[Dataset entries]
+++++
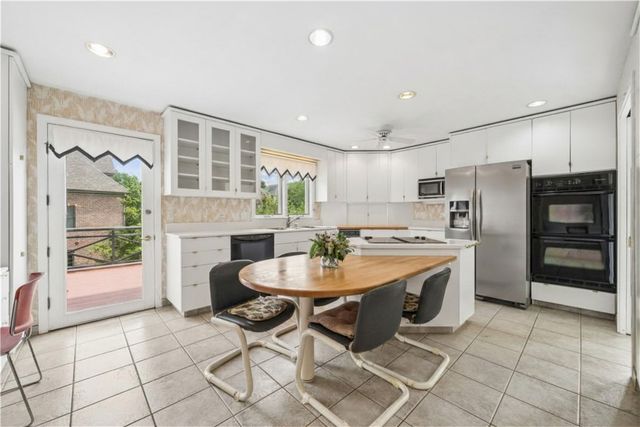 180 Springmeadow Dr, Upper St Clair, PA 15241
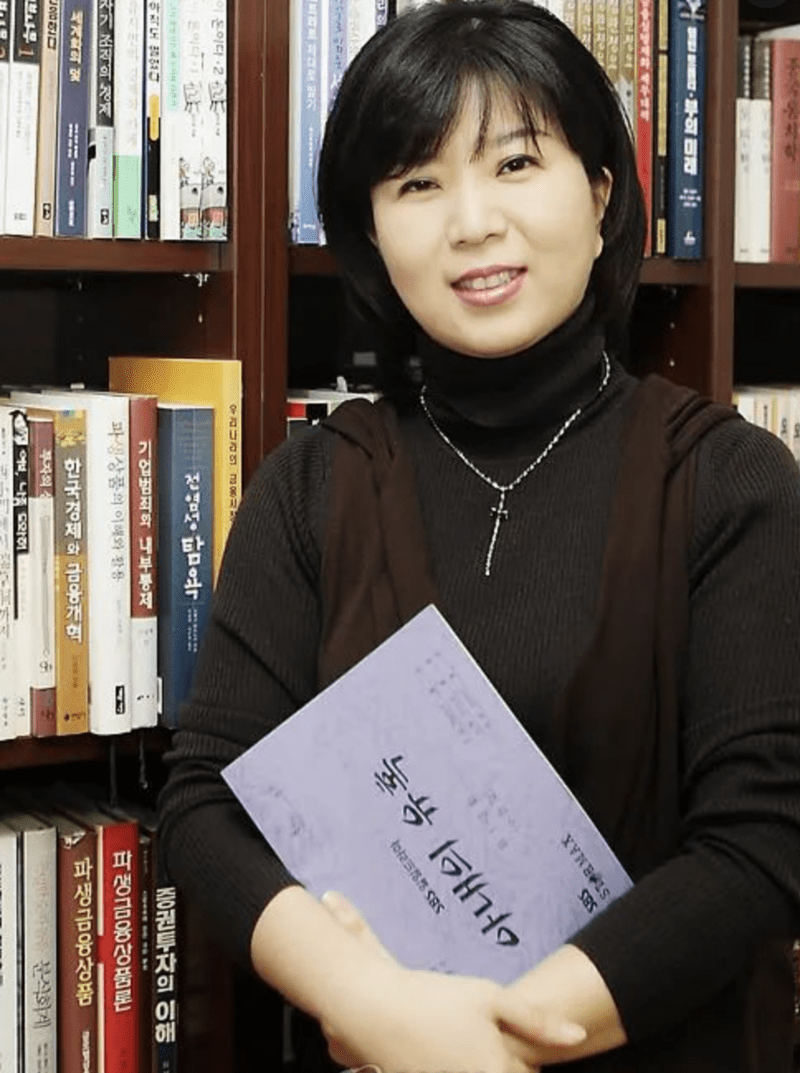 纪岩，一本书中的坚韧女主角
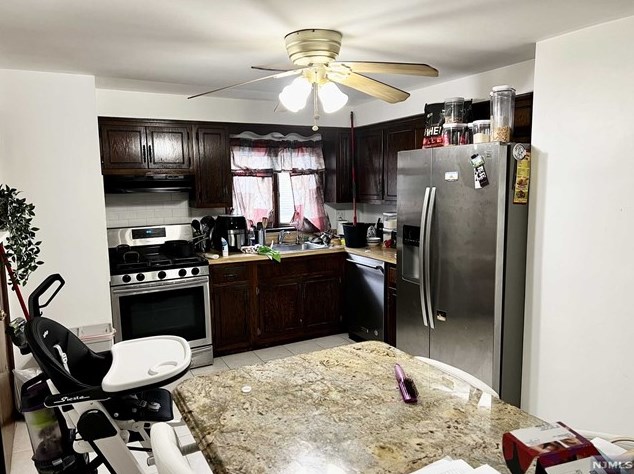 133 Washington St, Lodi, NJ 07644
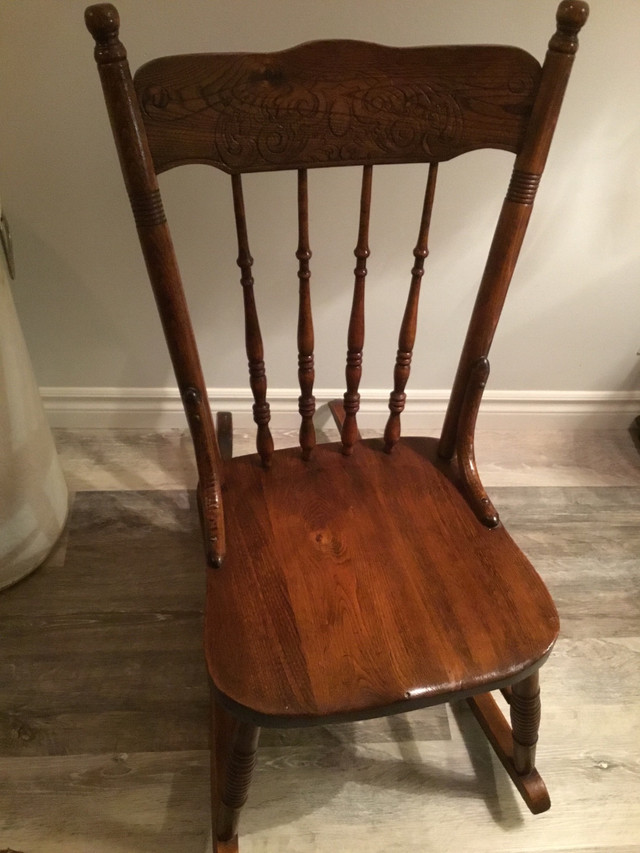Vintage/antique rocking chair in Chairs & Recliners in Norfolk County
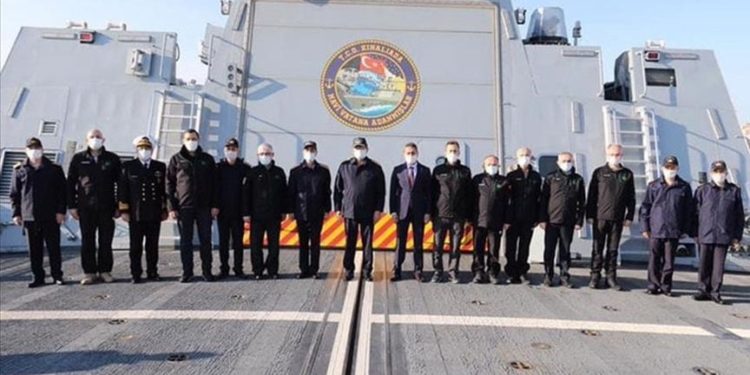 “Armiqtë do të na kenë frikë”/Turqia teston raketën anti-anije në Detin e Zi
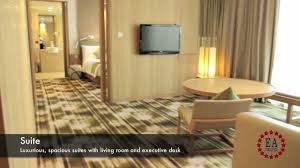 Crowne plaza changi airport entrance. Crowne Plaza Changi Airport Suite Singapore Youtube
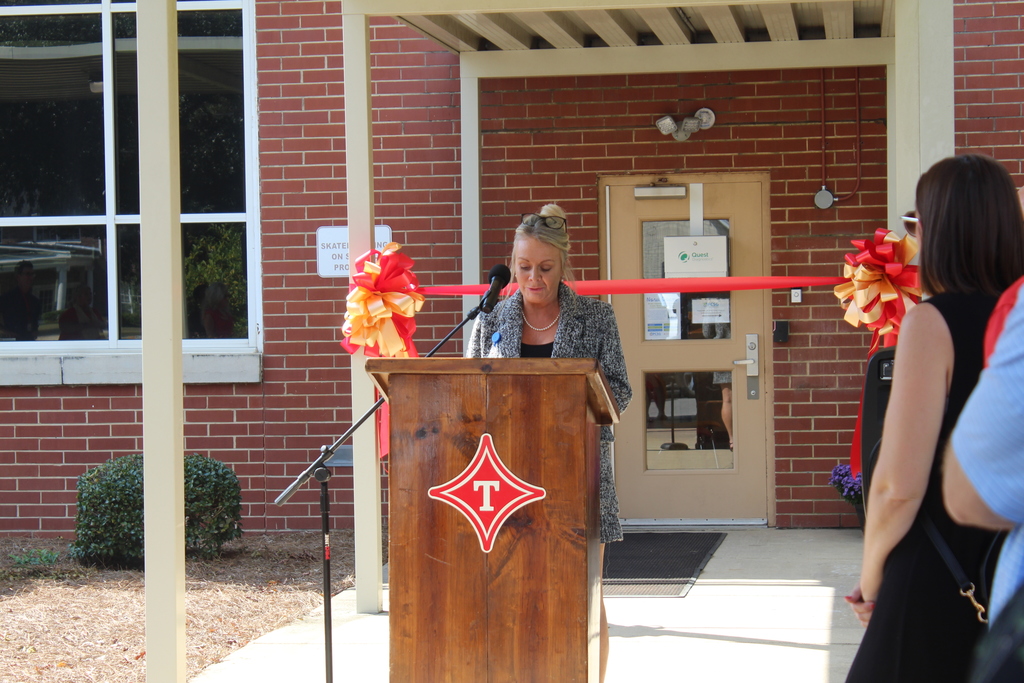 TCS SBHC Ribbon Cutting Sep 2025  6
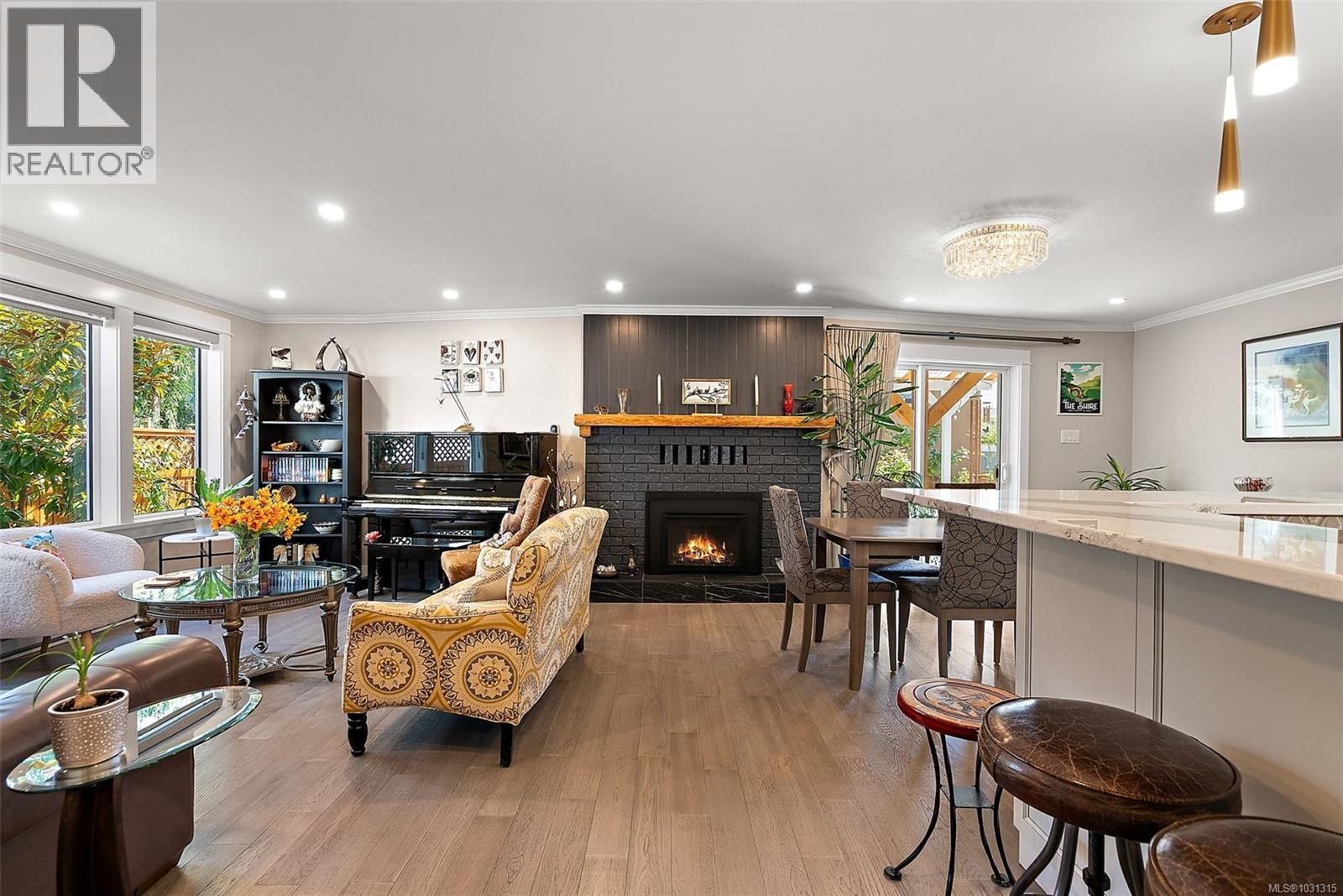  2485 Orchard Avenue, Sidney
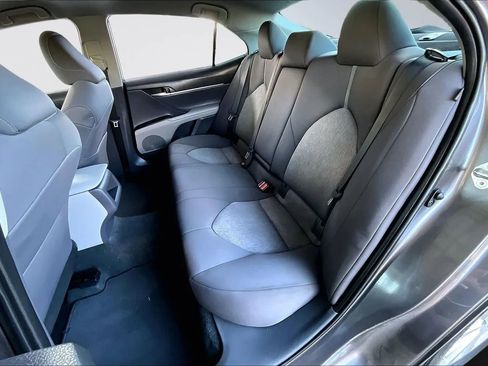 Used 2022 Toyota Camry LE FWD image 19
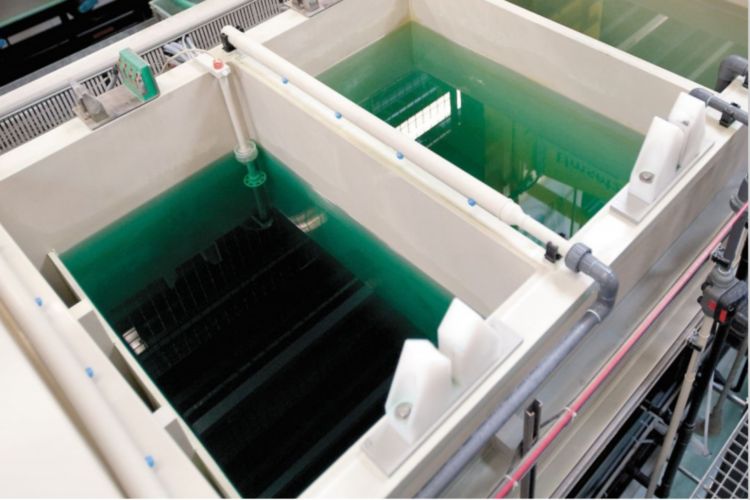 Electroplating bath store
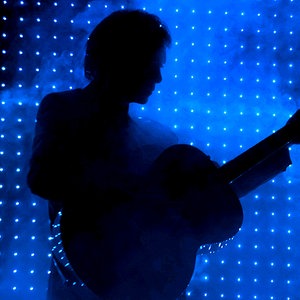 Die Silhouette eines Musikers © picture-alliance/ dpa Foto: Peter Steffen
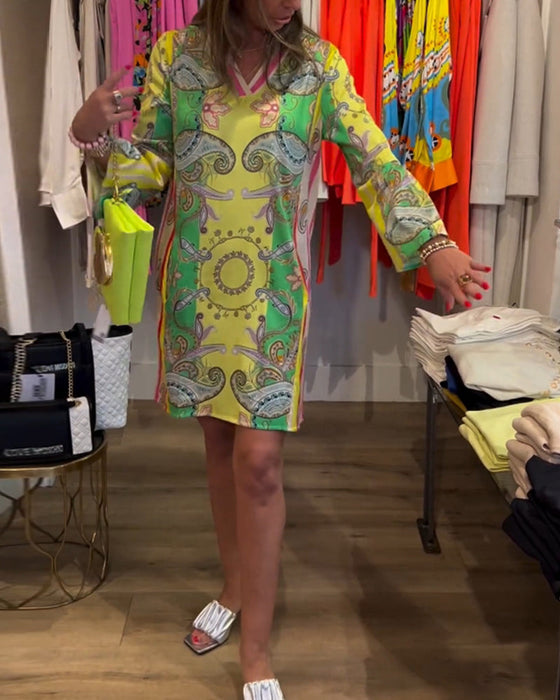 Kleider mit Colour-Blocking und Prints und lockerer Passform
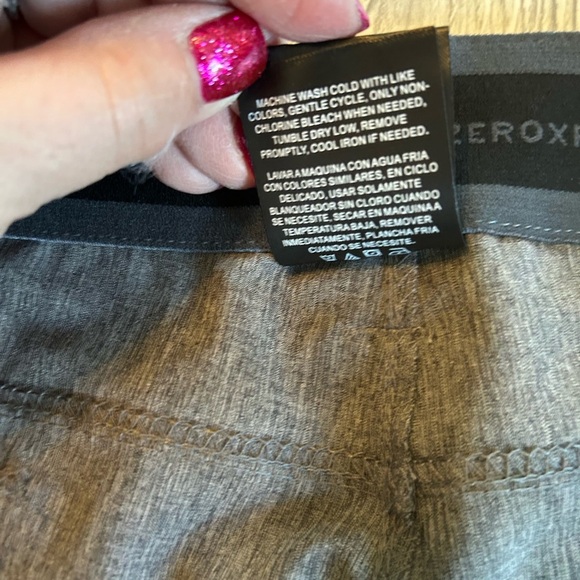 NWT ZeroXposur Sz 40 Slate Gray Stretch Travel Shorts - Flat Front - Zip Pocket - Picture 11 of 15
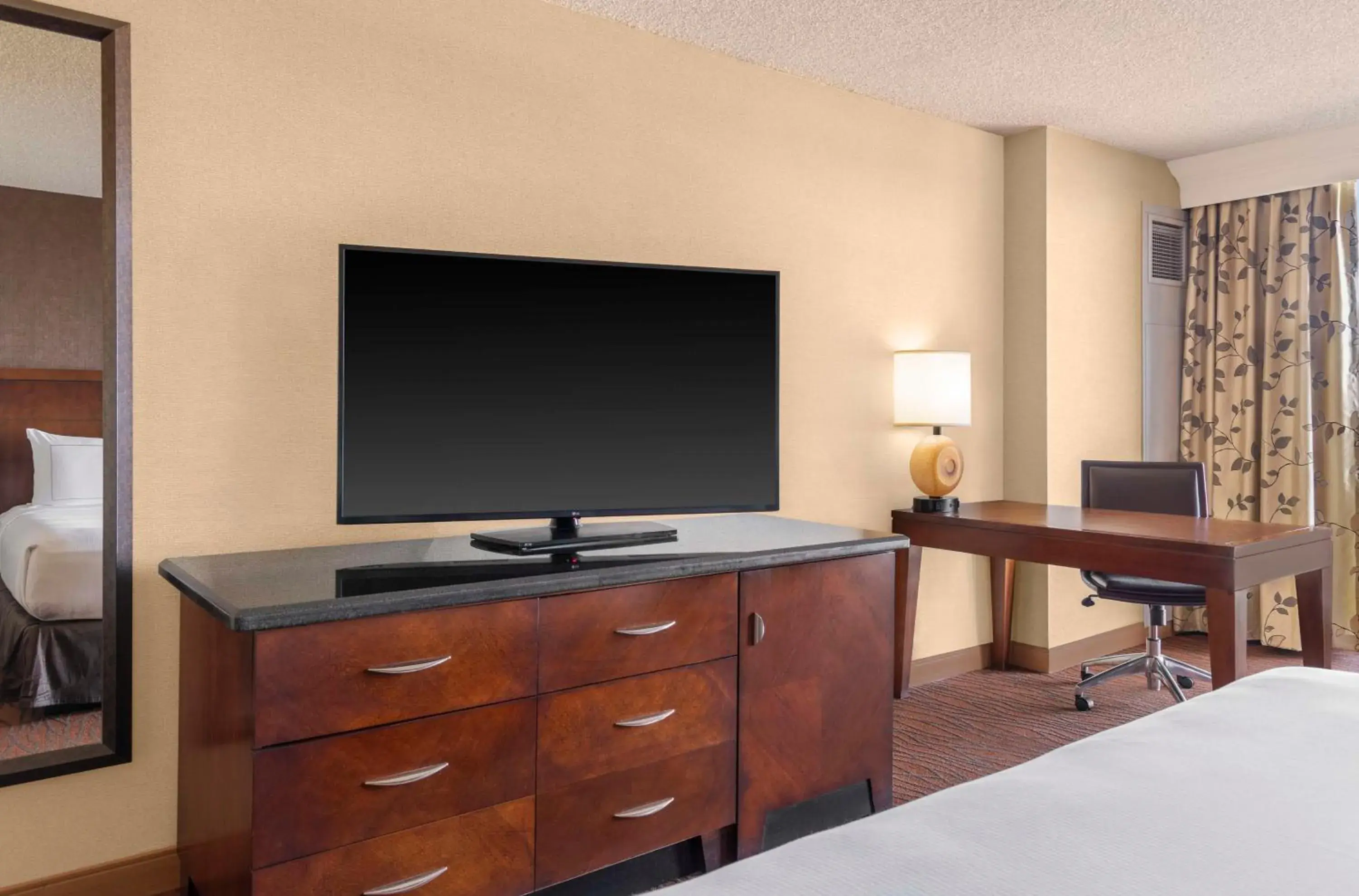 Superior King Room in Hilton Orange County/Costa Mesa Superior King Room in Hilton Orange County/Costa Mesa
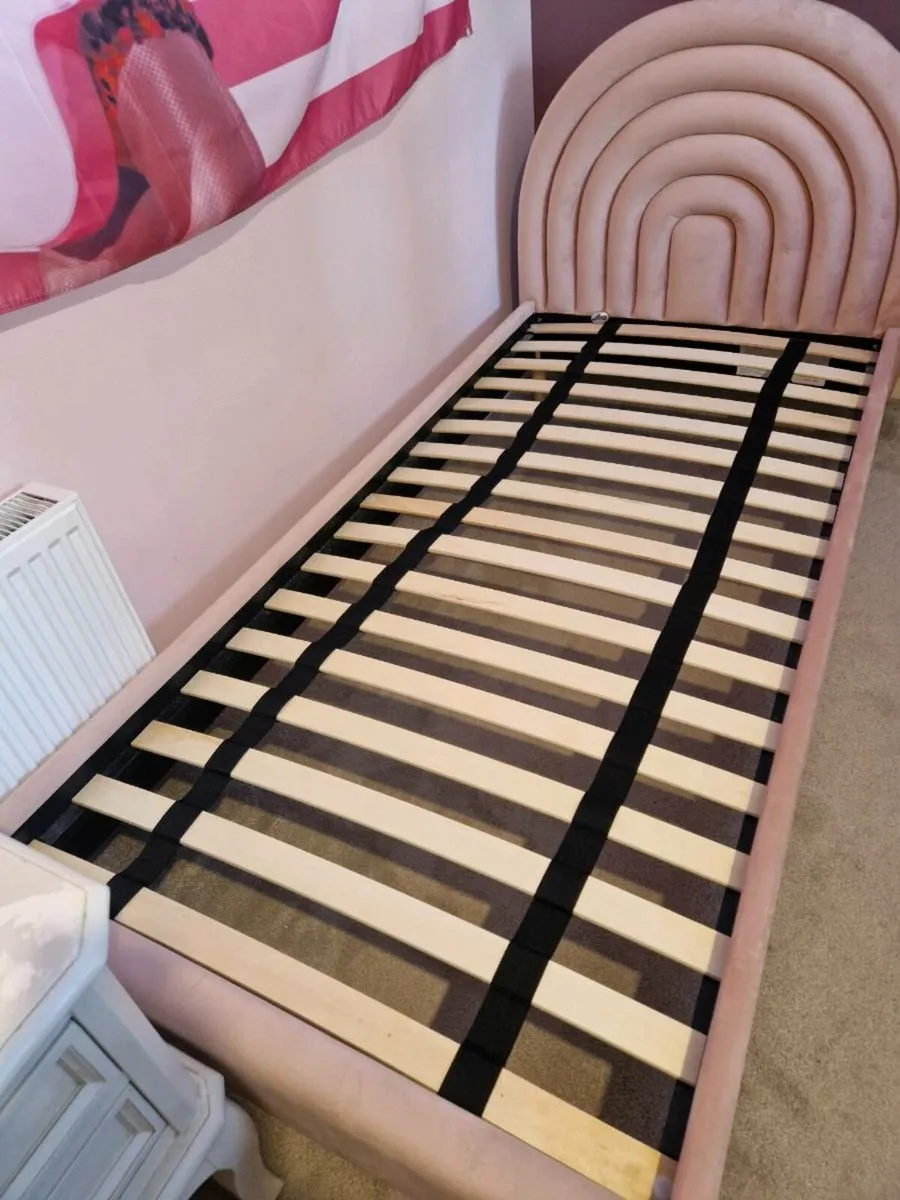 Single Bed - Image 1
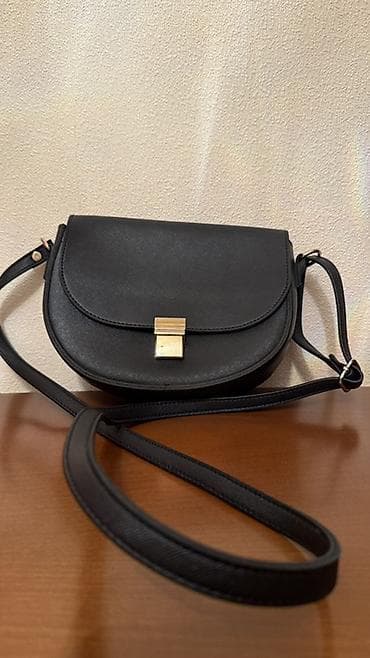 dəri sumka: Qadın çiyin çantası – qara, yarımdairə formanlı - Material: sərt — 2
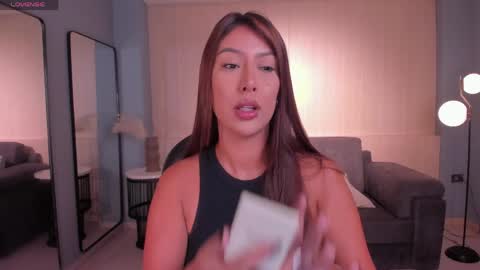 Ariana Dumont online show from May 3, 3:51 pm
+++++
Retype exactly the lines above, starting at the line containing "Die Silhouette eines" and ending with the last line, both included; leave out the pictures.

## Task answer
 Die Silhouette eines Musikers © picture-alliance/ dpa Foto: Peter Steffen
 Kleider mit Colour-Blocking und Prints und lockerer Passform
 NWT ZeroXposur Sz 40 Slate Gray Stretch Travel Shorts - Flat Front - Zip Pocket - Picture 11 of 15
 Superior King Room in Hilton Orange County/Costa Mesa Superior King Room in Hilton Orange County/Costa Mesa
 Single Bed - Image 1
 dəri sumka: Qadın çiyin çantası – qara, yarımdairə formanlı - Material: sərt — 2
 Ariana Dumont online show from May 3, 3:51 pm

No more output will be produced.